The Moody’s report focuses on banks in the ten G-20 emerging markets: Argentina, Brazil, China, India, Indonesia, Mexico, Russia, Saudi Arabia, South Africa and Turkey.
“Now that most central banks have tightened monetary policy to curb inflation, we expect inflation to abate in all ten emerging markets countries in 2023, helping contain asset risks for banks,” said Eugene Tarzimanov, VP-Senior Credit Officer, Moody’s.

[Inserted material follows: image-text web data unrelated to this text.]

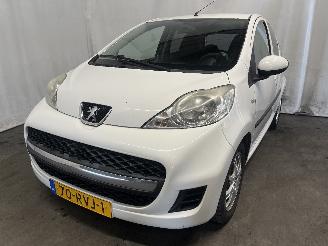 Voiture accidenté Peugeot 107 107 Hatchback 1.0 12V (384F(1KR)) [50kW]  (06-2005/05-2014) 2011/7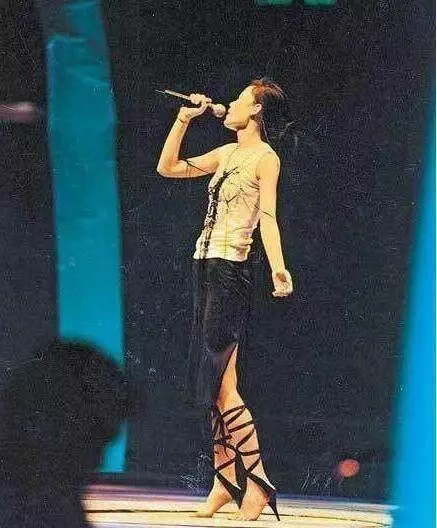 太強了!王菲演唱會沒穿鞋!天后居然踩釘子演唱!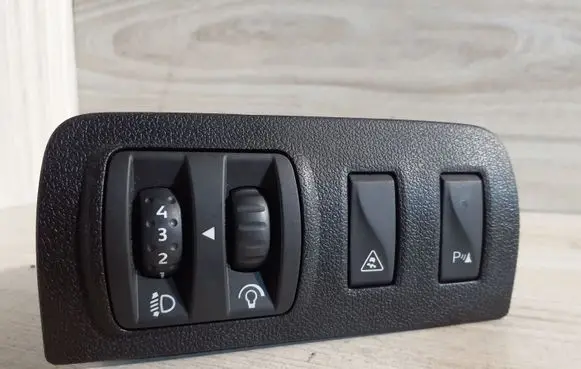 Renault Megane III Headlight level height control switch 251900001R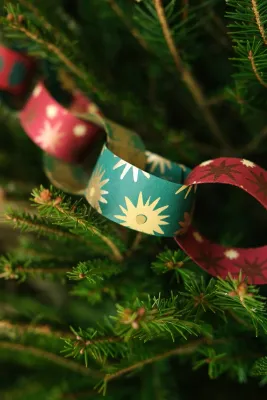 East End Press Festive Paper Chain Kit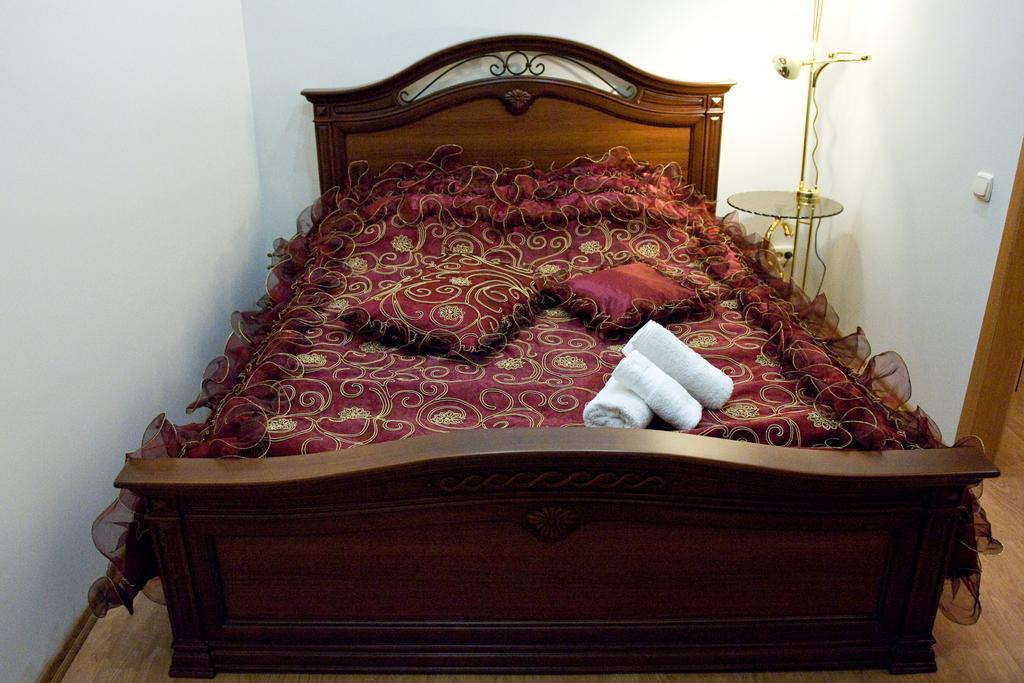 Фото У двух львов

Eugene noted that if inflation rates spike steeply and result in sharp increases in debt-servicing costs for borrowers, banks would have to increase their loan-loss provisions outweighing margin gains, which would be credit negative.
Turkey, the worst hit
Among the ten G-20 emerging markets, Turkey has been facing the steepest inflation, which hit 73 per cent in May 2022, followed by 61 per cent for Argentina, per the report.
Rising inflation rates are mainly because of supply constraints, increases in the prices of commodities and currency pressures.
“Orderly, gradual increases in interest rates will improve banking profits in most emerging market banking systems.
“As a result, Moody’s expects banks in India, Saudi Arabia and South Africa to post comparatively larger increases in margins in 2022-2023,” the report said.
The report assessed that banks’ credit costs also increase when inflation accelerates. An acceleration of inflation has also historically led to increases in credit costs in seven of the 10 systems.
Moody’s expects banks in Russia and Turkey to post larger increases in credit costs in 2022-2023.
In a scenario where inflation accelerates materially and leads to significant rate hikes, credit costs will also rise in Argentina, South Africa and Brazil, the agency said.
Asset risks for banks would outweigh margin benefits if inflation rises more sharply.
An acceleration in inflation beyond Moody’s expectation would lead to higher credit costs that will outweigh the benefits of gains in margins.
In this scenario, Moody’s said the profitability of Brazilian and Turkish banks will likely deteriorate more significantly than in other markets.